Repeat exactly the lines of the material below that run from the "House in Merrit" line to the "Depa Comodo, 2" line, including both, and do not carry over any pictures.

* **Dataset**
*** Begin section ***

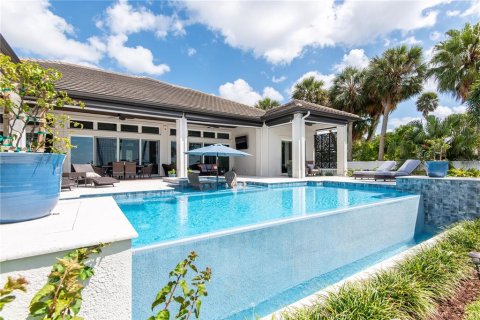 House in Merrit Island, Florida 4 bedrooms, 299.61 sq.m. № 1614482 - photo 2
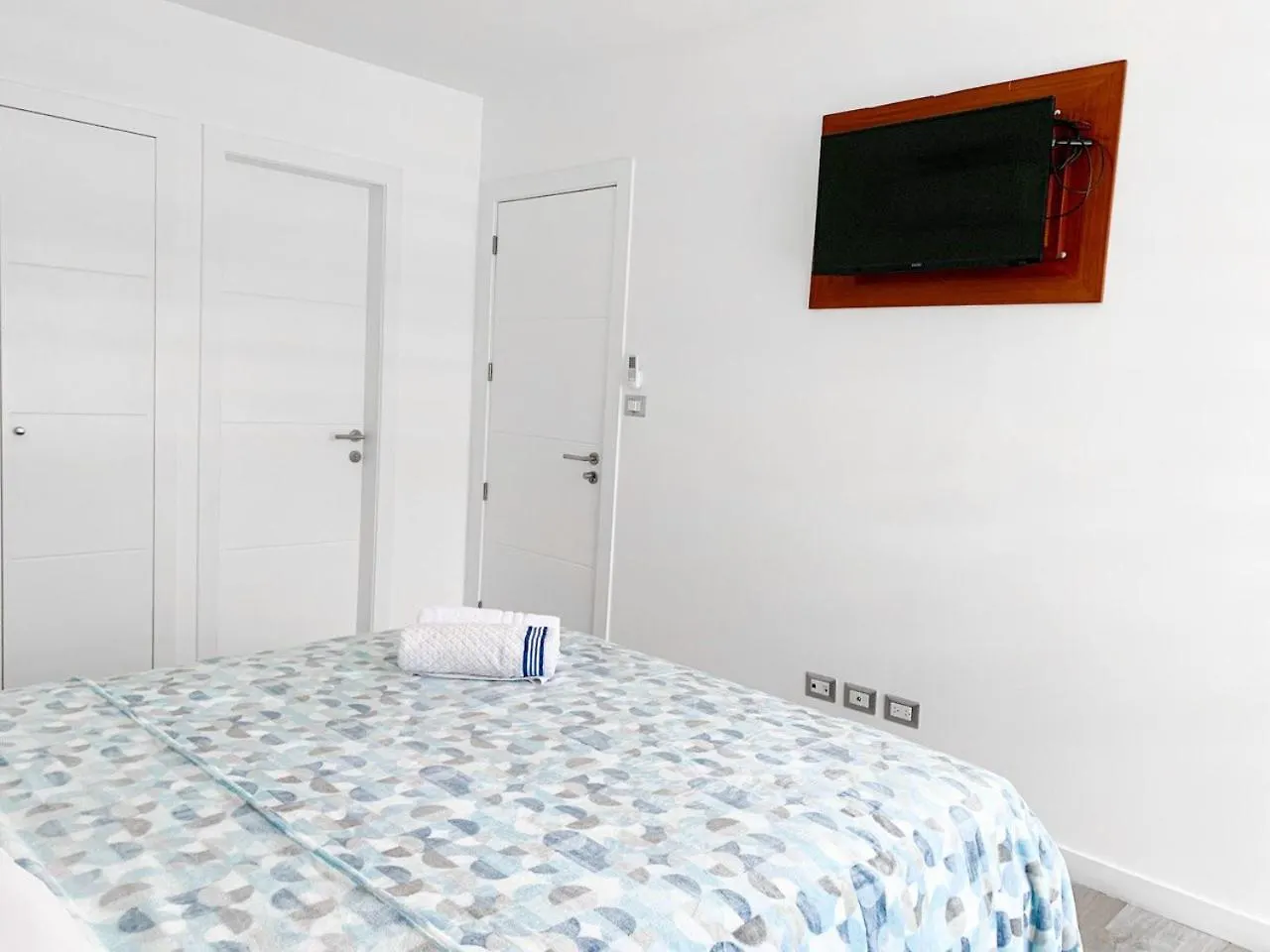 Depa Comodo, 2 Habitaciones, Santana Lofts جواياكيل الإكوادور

*** End section ***
*** Begin section ***

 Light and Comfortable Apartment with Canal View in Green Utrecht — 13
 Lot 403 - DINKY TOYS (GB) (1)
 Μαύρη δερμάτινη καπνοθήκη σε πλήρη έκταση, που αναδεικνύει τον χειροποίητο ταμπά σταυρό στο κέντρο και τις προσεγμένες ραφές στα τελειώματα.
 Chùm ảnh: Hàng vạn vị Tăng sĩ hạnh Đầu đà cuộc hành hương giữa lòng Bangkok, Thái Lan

*** End section ***

* **Solution for this task**
 House in Merrit Island, Florida 4 bedrooms, 299.61 sq.m. № 1614482 - photo 2
 Depa Comodo, 2 Habitaciones, Santana Lofts جواياكيل الإكوادور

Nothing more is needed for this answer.